Sheryl Sandberg, Facebook's chief operating officer, speaks at a luncheon...

Sheryl Sandberg, Facebook's chief operating officer, speaks at a luncheon for the American Society of News Editors in San Diego. (April 7, 2011) Credit: AP

Sheryl Sandberg is not sure what kind of book she has written. "Lean In: Women, Work, and the Will to Lead" is not a memoir, a self-help book, or a career-management how-to, she writes in the book's introduction. It's not a feminist manifesto, but it is "sort of a feminist manifesto."

Whatever it is, it is for "any woman who wants to increase her chances of making it to the top of her field or pursue any goal vigorously." And Sandberg wants us to do it by breaking the internalized attitudes that cause us to "hold ourselves back in ways both big and small."

She wants us to "lean in" to our careers. We can "dismantle the hurdles in ourselves today," she tells us. "We can start this very moment."

In the weeks leading up to the book's publication, critics have squabbled over Sandberg's authority to administer that advice. The Facebook chief operating officer is an out-of touch elite who hopes to bolster her own reputation by holding women responsible for their failure to advance instead of institutional sexism.

Or else she is a powerful woman with the business clout and a personal fortune ample enough to launch a mainstream feminist revolution. Or perhaps poking at Sandberg's approachability is evidence of another sexist double standard.

But Sandberg's prominent perch in the male-dominated tech world is central to the promise of "Lean In."

Read this book, follow my lead, get ahead. Throughout the book, Sandberg carefully weighs the double binds, internal and external, that keep women from reaching their potential in the workplace. Then she dispatches personal anecdotes to explain how she navigated them to become, as a Forbes listicle once anointed her, the fifth most powerful woman in the world.

Unfortunately, Sandberg's combination of sort-of-feminist analysis and not-really memoir doesn't square up. Take her advice on how women should navigate one of the most vexing double binds in the workplace: Study after study demonstrates that "success and likability are positively correlated for men and negatively correlated for women."

Sandberg instructs women to resist the urge to internalize those stats. We should not "question our abilities and downplay our achievements" in an effort to "protect ourselves from being disliked." But then again, "people want to hire and promote those who are both competent and nice."

Being disliked isn't a sustainable option. So at crucial moments like job interviews and salary negotiations, she tells women to carefully "combine niceness with insistence," be "relentlessly pleasant," and appear "nice, concerned about others, and 'appropriately' female." But then again, "even when a woman negotiates successfully for herself, she can pay a longer-term cost in goodwill and future advancement."

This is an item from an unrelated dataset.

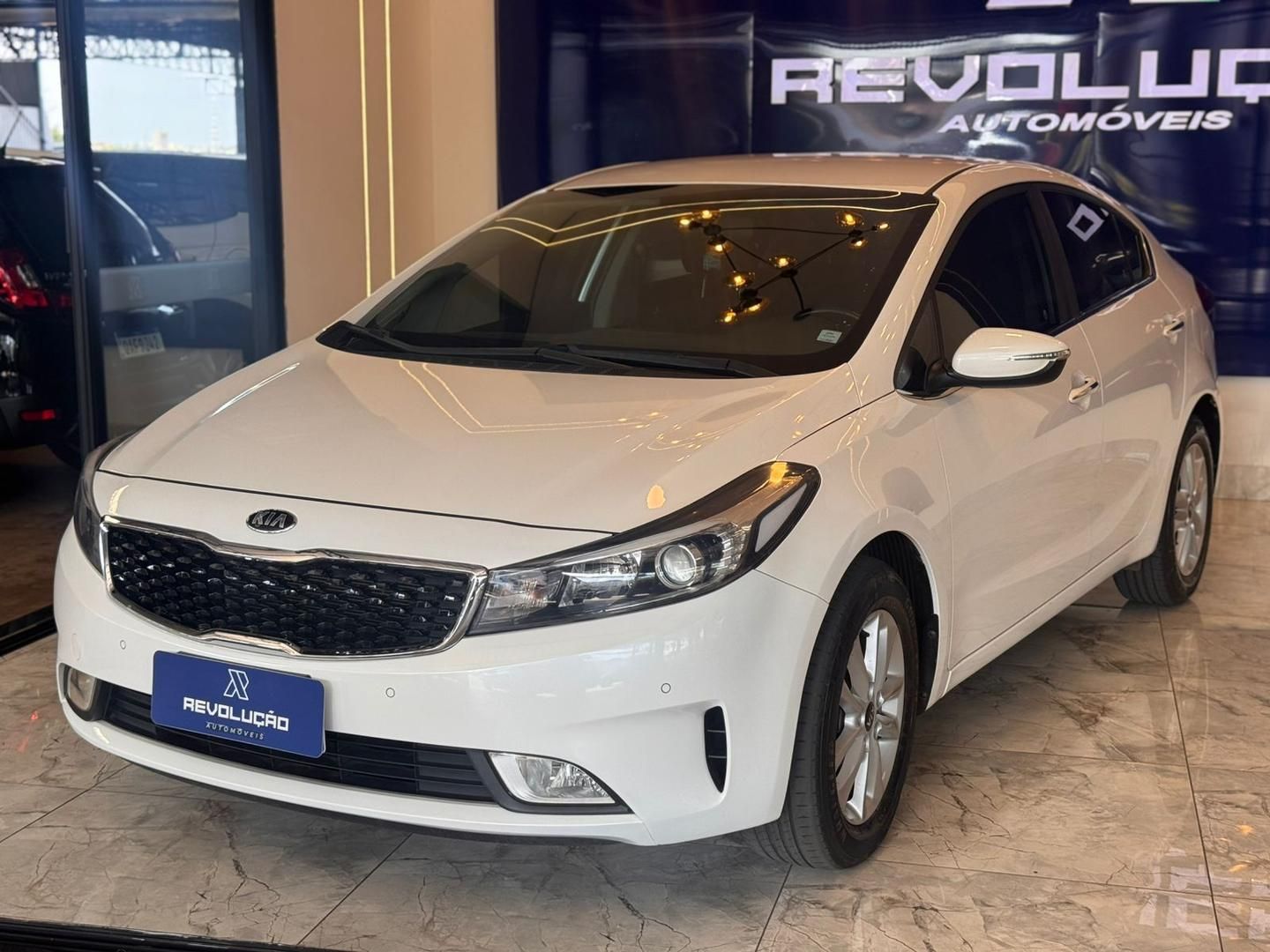 KIA Cerato 1.6 16v 2019 - miniatura 3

When faced with a murky body of evidence like that, Sandberg leans on a personal anecdote like this: At her first Facebook performance review, Mark Zuckerberg advised her that her "desire to be liked by everyone would hold me back. He said that when you want to change things, you can't please everyone. If you do please everyone, you aren't making enough progress. Mark was right." End of chapter.

The entire book plays out like this. Sandberg encourages women to fake confidence in the workplace by investing in "an hour of forced smiling" or by "assuming 'a high-power pose.' " Then again, women would do best to communicate "authentically."

Women shouldn't be afraid to cry on a colleague's shoulder at an emotional time, she says. Then again, "research suggests" that "it is not a good idea to cry at work." Women shouldn't be afraid to advocate for flexible work hours to handle family commitments. Except that "employees who make use of flexible work policies are often penalized."

Women "need to shift from thinking 'I'm not ready to do that,' to thinking 'I want to do that, and I'll learn by doing it.' " But then again, men are promoted based on their potential while women are promoted based on their past accomplishments. Except that "a woman who explains why she is qualified or mentions previous successes in a job interview can lower her chances of getting hired."

The more Sandberg attempts to shoehorn her own career lessons into the "lean in" framework, the more confusing her advice becomes.

Hess is a writer and editor in Los Angeles. She blogs for Slate on sex, science, and health.